___ Dataset content
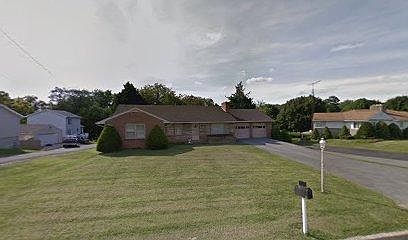 1st image of 305 Woodpoint Ave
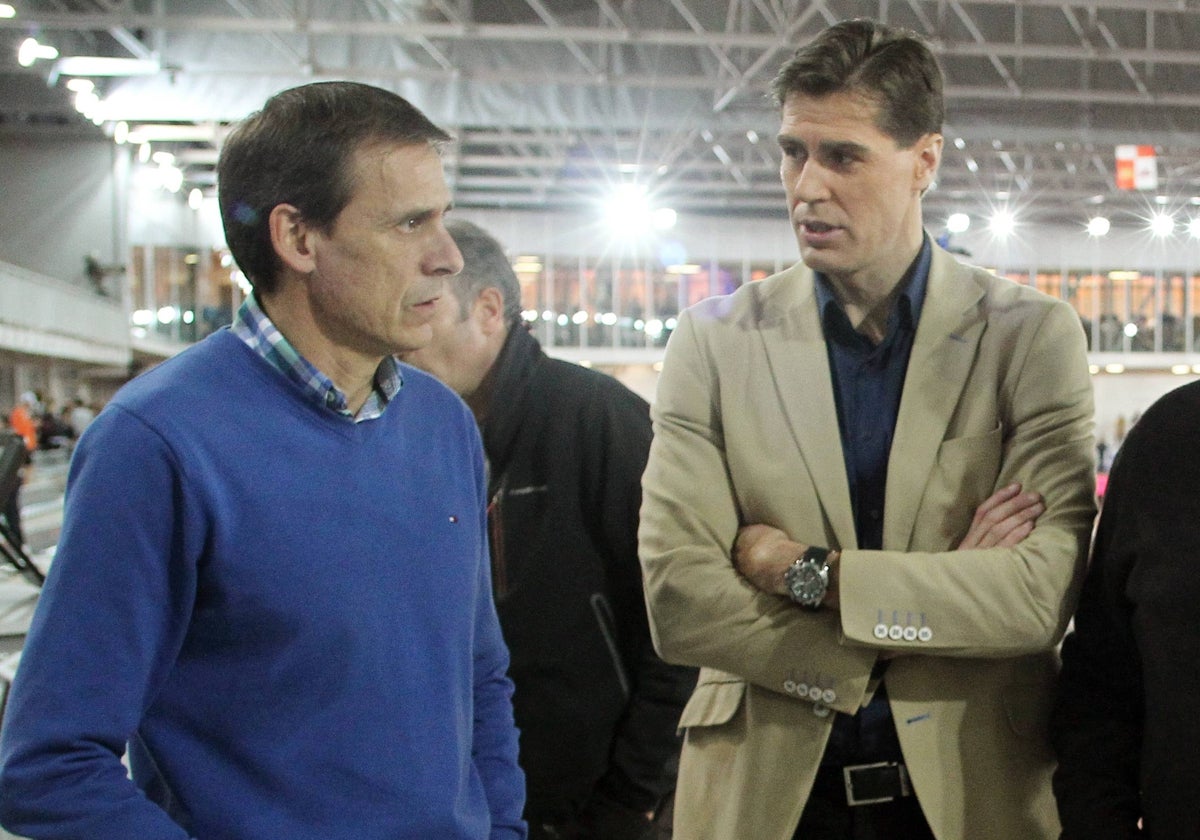 Antonio Sánchez, con Raúl Chapado en la Carlos Gil Pérez.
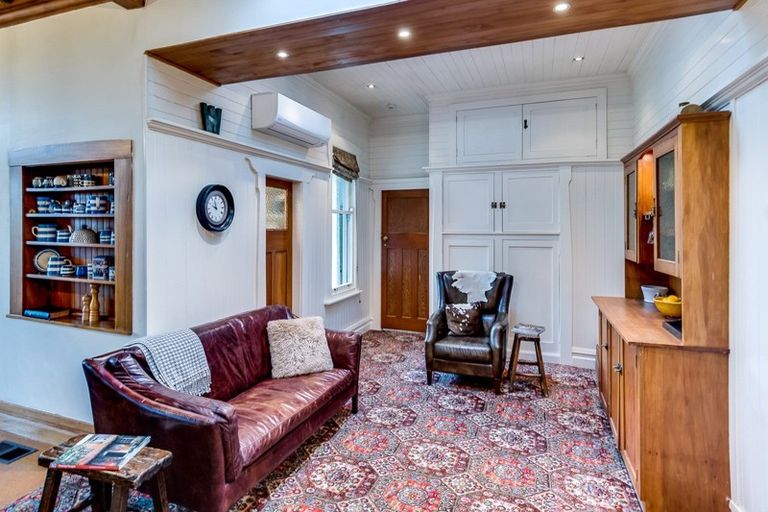 Photo of property in 210 Davis Street, Saint Leonards, Hastings, 4120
______
Set down the data above verbatim, omitting every image.

** Task answer **
 1st image of 305 Woodpoint Ave
 Antonio Sánchez, con Raúl Chapado en la Carlos Gil Pérez.
 Photo of property in 210 Davis Street, Saint Leonards, Hastings, 4120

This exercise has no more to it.